> _SOURCE RECORDS_
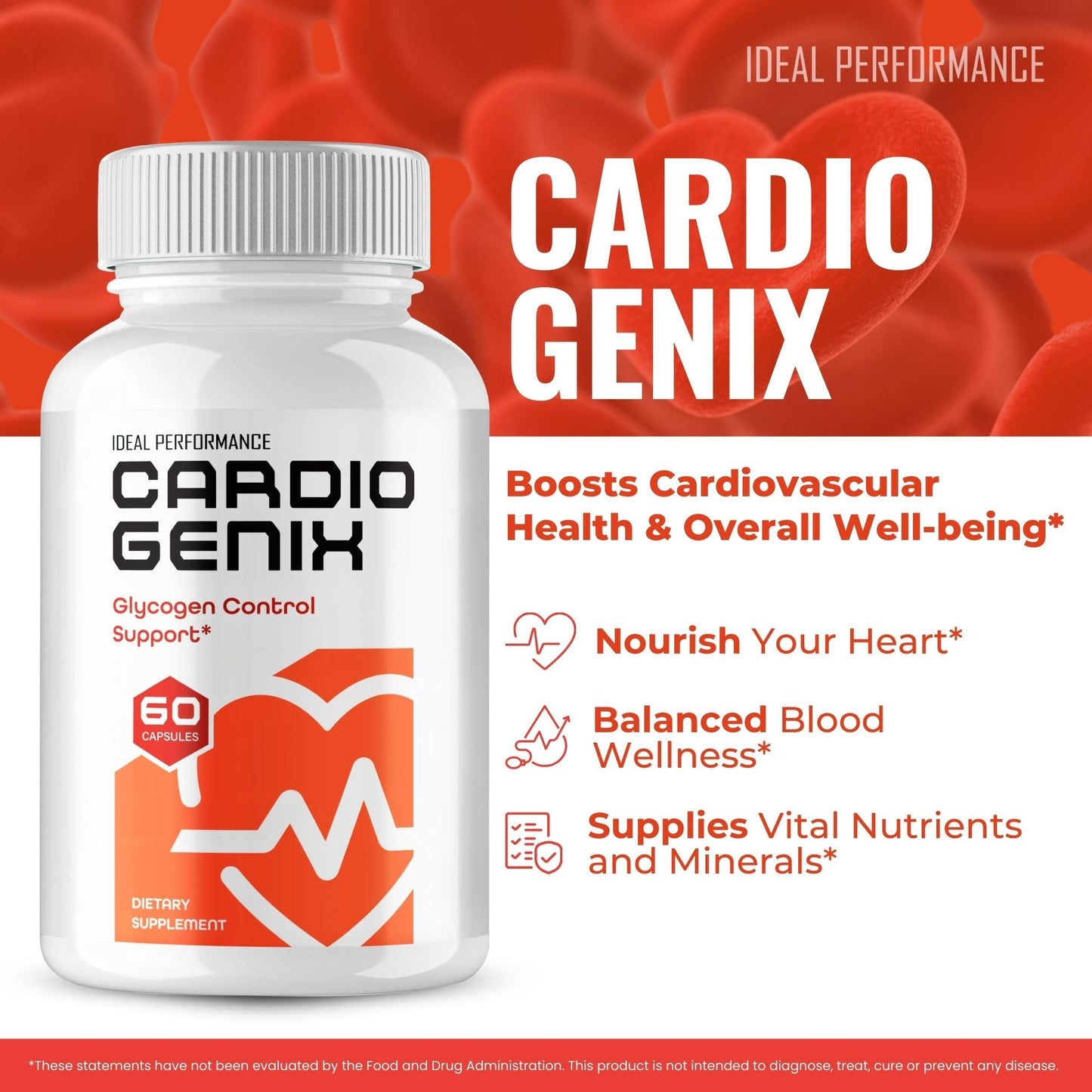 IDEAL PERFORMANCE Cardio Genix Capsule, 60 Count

* * *

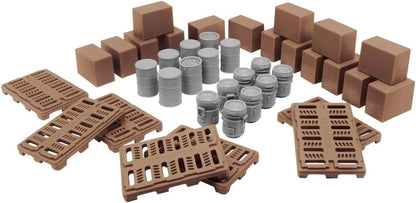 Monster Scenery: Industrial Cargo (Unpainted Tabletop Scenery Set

* * *

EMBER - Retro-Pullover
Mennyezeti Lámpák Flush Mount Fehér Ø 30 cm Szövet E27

> _PROBLEM REQUIREMENTS_
Set down exactly the lines of the data above, beginning with the line that has "EMBER - Retro-Pullover" and ending with the line that has "Mennyezeti Lámpák Flush", and no others.

> _SOLUTION FOR THIS EXERCISE_
EMBER - Retro-Pullover
Mennyezeti Lámpák Flush Mount Fehér Ø 30 cm Szövet E27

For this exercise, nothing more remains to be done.